(Items listed in a dataset)
+-------+
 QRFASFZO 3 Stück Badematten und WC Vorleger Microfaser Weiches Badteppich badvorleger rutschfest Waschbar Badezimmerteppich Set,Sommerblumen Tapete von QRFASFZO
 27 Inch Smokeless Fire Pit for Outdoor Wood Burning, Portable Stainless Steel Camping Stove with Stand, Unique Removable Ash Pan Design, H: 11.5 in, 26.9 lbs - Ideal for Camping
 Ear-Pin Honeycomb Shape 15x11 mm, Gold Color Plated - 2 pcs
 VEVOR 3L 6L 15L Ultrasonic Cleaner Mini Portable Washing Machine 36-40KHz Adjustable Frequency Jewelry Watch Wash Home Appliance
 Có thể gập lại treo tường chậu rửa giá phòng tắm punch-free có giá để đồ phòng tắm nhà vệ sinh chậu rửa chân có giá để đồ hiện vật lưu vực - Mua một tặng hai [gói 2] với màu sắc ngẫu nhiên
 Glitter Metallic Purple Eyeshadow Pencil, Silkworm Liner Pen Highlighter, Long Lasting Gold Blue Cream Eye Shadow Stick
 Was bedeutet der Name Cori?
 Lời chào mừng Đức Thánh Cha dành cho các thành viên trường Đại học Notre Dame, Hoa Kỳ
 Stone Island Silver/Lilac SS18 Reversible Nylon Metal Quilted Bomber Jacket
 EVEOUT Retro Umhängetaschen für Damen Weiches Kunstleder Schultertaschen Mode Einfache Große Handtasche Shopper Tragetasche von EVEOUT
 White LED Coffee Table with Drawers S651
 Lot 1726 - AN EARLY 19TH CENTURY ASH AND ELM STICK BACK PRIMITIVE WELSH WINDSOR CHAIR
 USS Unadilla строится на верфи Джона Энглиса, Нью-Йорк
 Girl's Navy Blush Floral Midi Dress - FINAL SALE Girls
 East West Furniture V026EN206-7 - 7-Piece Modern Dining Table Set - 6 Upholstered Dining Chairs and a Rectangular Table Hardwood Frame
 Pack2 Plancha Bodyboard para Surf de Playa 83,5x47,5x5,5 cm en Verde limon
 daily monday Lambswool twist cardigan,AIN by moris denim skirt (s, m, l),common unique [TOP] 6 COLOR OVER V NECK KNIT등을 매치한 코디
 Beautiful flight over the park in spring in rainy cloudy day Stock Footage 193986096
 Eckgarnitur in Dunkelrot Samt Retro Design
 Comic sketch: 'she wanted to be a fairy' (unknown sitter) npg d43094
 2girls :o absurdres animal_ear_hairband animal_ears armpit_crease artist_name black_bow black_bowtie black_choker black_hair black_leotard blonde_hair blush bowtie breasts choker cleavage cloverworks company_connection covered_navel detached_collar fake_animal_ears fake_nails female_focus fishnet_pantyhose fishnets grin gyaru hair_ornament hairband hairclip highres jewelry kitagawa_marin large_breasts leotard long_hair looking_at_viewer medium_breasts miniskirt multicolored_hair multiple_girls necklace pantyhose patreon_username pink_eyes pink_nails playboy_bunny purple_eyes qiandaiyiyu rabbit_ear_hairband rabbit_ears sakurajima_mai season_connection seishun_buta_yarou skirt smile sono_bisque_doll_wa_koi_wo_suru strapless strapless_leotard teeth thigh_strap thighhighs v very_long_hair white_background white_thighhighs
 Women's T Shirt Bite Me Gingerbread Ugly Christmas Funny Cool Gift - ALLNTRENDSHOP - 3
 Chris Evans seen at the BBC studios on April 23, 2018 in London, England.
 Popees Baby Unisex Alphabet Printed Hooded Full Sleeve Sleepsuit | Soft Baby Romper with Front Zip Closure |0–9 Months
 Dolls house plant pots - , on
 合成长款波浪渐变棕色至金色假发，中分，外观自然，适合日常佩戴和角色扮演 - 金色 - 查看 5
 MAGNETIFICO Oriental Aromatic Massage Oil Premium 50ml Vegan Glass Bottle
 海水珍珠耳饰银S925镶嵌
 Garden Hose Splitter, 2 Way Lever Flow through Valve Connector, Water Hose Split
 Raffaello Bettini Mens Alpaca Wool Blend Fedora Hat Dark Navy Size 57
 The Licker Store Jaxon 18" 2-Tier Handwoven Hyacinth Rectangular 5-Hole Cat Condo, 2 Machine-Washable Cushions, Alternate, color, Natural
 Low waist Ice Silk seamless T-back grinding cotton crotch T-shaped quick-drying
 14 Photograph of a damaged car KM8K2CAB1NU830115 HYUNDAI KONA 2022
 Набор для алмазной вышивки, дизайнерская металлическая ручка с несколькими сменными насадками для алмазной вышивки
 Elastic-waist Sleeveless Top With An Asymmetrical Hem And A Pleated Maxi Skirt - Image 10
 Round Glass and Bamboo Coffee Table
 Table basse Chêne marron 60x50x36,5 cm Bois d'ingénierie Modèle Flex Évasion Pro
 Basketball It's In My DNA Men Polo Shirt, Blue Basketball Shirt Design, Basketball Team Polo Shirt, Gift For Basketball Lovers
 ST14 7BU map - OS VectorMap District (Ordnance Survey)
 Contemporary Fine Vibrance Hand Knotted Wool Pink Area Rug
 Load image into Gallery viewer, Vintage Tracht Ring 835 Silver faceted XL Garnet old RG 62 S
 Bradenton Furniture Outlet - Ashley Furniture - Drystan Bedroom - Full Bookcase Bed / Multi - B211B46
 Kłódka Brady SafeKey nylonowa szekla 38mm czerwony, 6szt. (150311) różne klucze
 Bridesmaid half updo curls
+-------+
About this task: Send back, unchanged, every line of the records from the one with "Набор для алмазной" through the last.

Exercise answer:
 Набор для алмазной вышивки, дизайнерская металлическая ручка с несколькими сменными насадками для алмазной вышивки
 Elastic-waist Sleeveless Top With An Asymmetrical Hem And A Pleated Maxi Skirt - Image 10
 Round Glass and Bamboo Coffee Table
 Table basse Chêne marron 60x50x36,5 cm Bois d'ingénierie Modèle Flex Évasion Pro
 Basketball It's In My DNA Men Polo Shirt, Blue Basketball Shirt Design, Basketball Team Polo Shirt, Gift For Basketball Lovers
 ST14 7BU map - OS VectorMap District (Ordnance Survey)
 Contemporary Fine Vibrance Hand Knotted Wool Pink Area Rug
 Load image into Gallery viewer, Vintage Tracht Ring 835 Silver faceted XL Garnet old RG 62 S
 Bradenton Furniture Outlet - Ashley Furniture - Drystan Bedroom - Full Bookcase Bed / Multi - B211B46
 Kłódka Brady SafeKey nylonowa szekla 38mm czerwony, 6szt. (150311) różne klucze
 Bridesmaid half updo curls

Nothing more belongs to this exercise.